**What this task involves:** Write down exactly the lines from the one below that has "lines of desks" to the end of the data, both ends included; the pictures should not appear in your copy.
··· Data under study ···
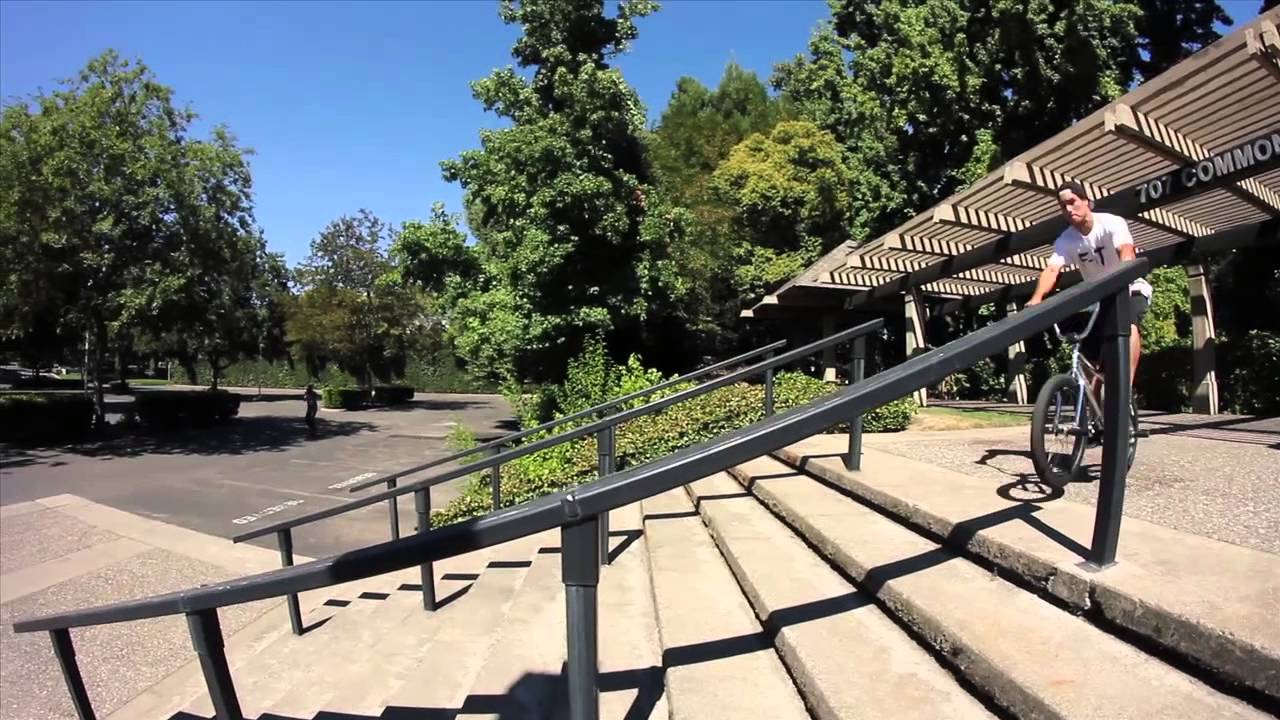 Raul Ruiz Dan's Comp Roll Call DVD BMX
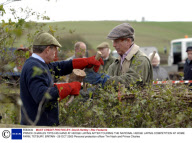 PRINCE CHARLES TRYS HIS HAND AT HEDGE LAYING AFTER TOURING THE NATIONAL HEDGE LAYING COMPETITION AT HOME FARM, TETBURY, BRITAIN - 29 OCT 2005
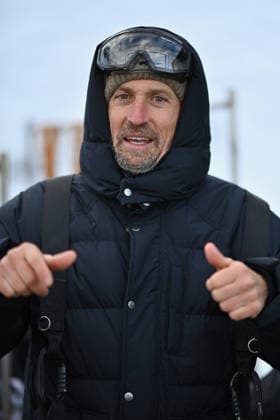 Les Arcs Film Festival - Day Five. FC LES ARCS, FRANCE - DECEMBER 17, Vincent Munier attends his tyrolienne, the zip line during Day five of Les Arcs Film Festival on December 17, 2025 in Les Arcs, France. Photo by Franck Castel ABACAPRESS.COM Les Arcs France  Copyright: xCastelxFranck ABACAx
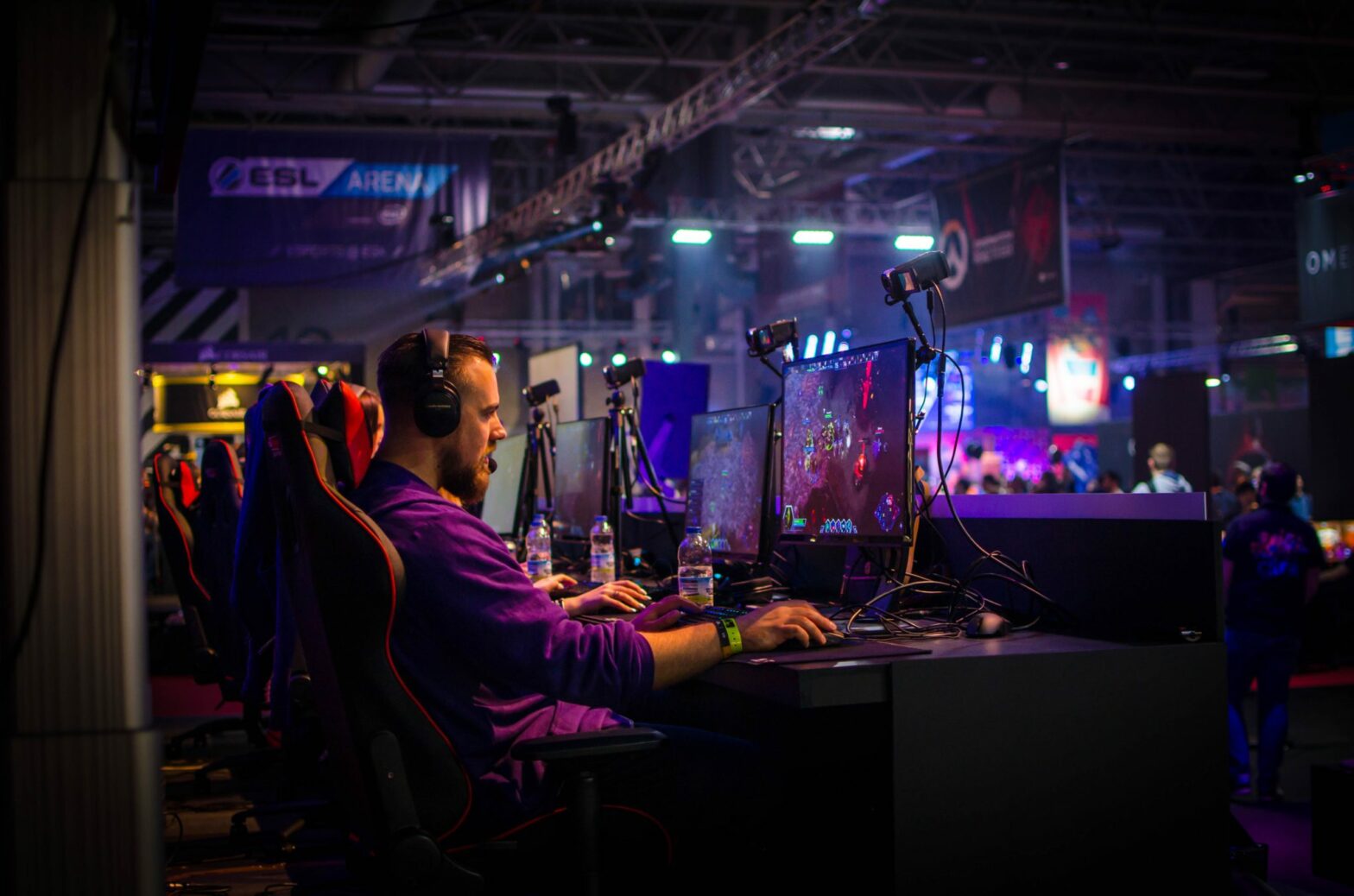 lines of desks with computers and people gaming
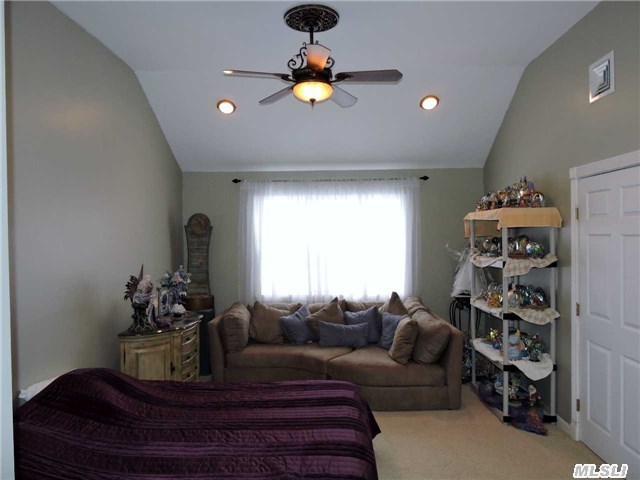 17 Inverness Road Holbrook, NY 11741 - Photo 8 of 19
···
**Response area:**
 lines of desks with computers and people gaming
 17 Inverness Road Holbrook, NY 11741 - Photo 8 of 19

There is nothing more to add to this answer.